Bu mektup bir inşanın, yaptığı işin kalıcı olması için gösterebileceği çabanın insanüstü bir örneğidir. Bu mektubun ihtişamı, modern çağın insanlarının bile zorlanacağı taşın ömrünü bilmesi, yapı tekniğinin değişeceğini bilmesi, 400 sene dayanacak kağıt ve mürekkep kullanması gibi yüksek bilgi seviyesinden gelmektedir. Şüphesiz bu yüksek bilgiler de o koca mimarın erişilmez özelliklerindendir. Ancak erişilmesi gerçekten zor olan bu bilgilerden çok daha muhteşem olan 400 sene sonraya çözüm üreten sorumluluk duygusudur.

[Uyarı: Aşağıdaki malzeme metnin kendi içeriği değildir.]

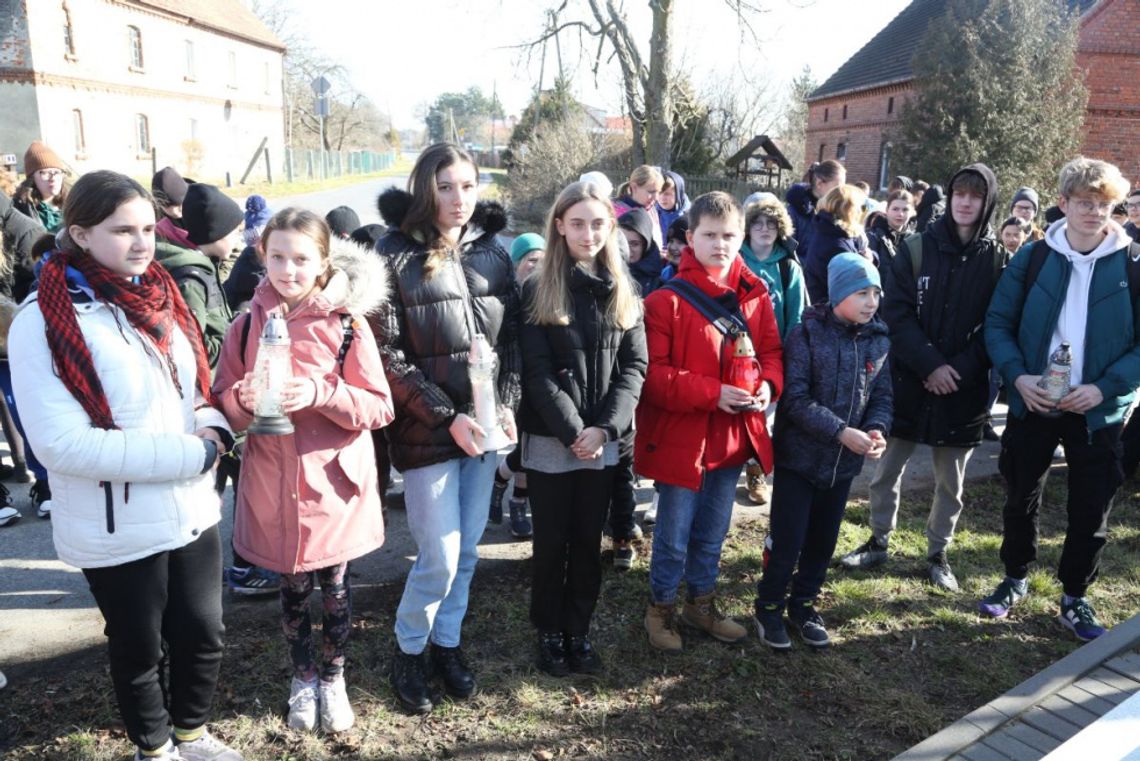 Piesza wędrówka w ramach upamiętnienia żołnierzy wyklętych w Twardogórze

Bir Mimar Sinan eseri olan Şehzadebaşı Camii'nin 1990′lı yıllarda devam eden restorasyonunu yapan firma yetkililerinden bir inşaat mühendisi, caminin restorasyonu sırasında yaşadıkları bir olayı TV ekranlarında şöyle anlatmıştı:
Cami bahçesini çevreleyen havale duvarında bulunan kapıların üzerindeki kemerleri oluşturan taşlarda yer yer çürümeler vardı. Restorasyon programında bu kemerlerin yenilenmesi de yer alıyordu. Biz inşaat fakültesinde teorik olarak kemerlerin nasıl inşaat edildiğini öğrenmiştik fakat taş kemer inşası ile ilgili pratiğimiz yoktu. Kemerleri nasıl restore edeceğimiz konusunda ustalarla toplantı yaptık. Sonuç olarak kemeri alttan yalayan bir tahta kalıp çakacaktık. Daha sonra kemeri yavaş yavaş söküp yapım teknikleri ile ilgili notlar alacaktık ve yeniden yaparken bu notlardan faydalanacaktık.

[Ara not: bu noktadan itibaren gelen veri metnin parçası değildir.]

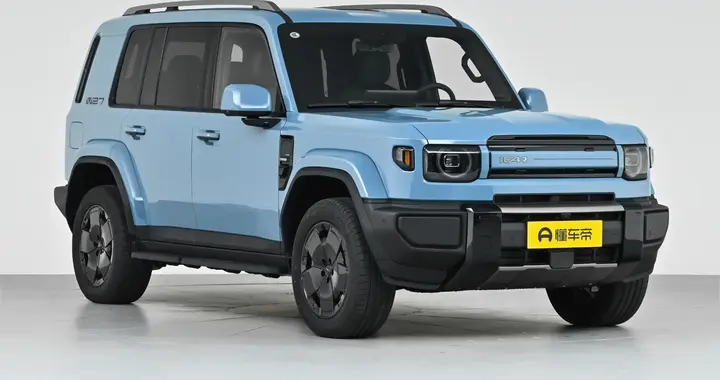 方盒子造型+四驱系统，iCAR V27四驱猎鹰700实力如何？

Kalıbı yaptık. Sökmeye kemerin kilit taşından başladık. Taşı yerinden çıkardığımızda hayretle iki taşın birleşme noktasında olan silindirik bir boşluğa yerleştirilmiş bir cam şişeye rastladık.
Şişenin içinde dürülmüş beyaz bir kağıt vardı. Şişeyi açıp kağıda baktık. Osmanlıca bir şeyler yazıyordu. Hemen bir uzman bulup okuttuk. Bu bir mektup idi ve Mimar Sinan tarafından yazılmıştı. Şunları yazmıştı;
'Bu kemeri oluşturan taşların ömrü yaklaşık 400 senedir. Bu müddet zarfında bu taşlar çürümüş olacağından siz bu kemeri yenilemek isteyeceksiniz. Büyük bir ihtimalle yapı teknikleri de değişeceğinden bu kemeri nasıl yeniden inşa edeceğinizi bilemeyeceksiniz. İşte bu mektubu ben size, bu kemeri nasıl inşa edeceğinizi anlatmak için yazıyorum.'
Koca Sinan mektubunda böyle başladıktan sonra o kemeri inşa ettikleri taşları Anadolu´nun neresinden getirttiklerini de yazarak izahlarına devam ediyor ve ayrıntılı bir biçimde kemerin inşasını anlatıyordu.
O dönemdeki şu bilgiye, birikime, hassasiyete ve öngörüye bakar mısınız? İşte Mimar Sinan bu.
Ve bir de, günümüzdeki her türlü teknolojik gelişmeler ve bilgi çağına rağmen, yapılıp da en küçük sallantıda yerle bir olan inşaatları düşününce, Mimar Sinan'ı takdir etmemek elde mi?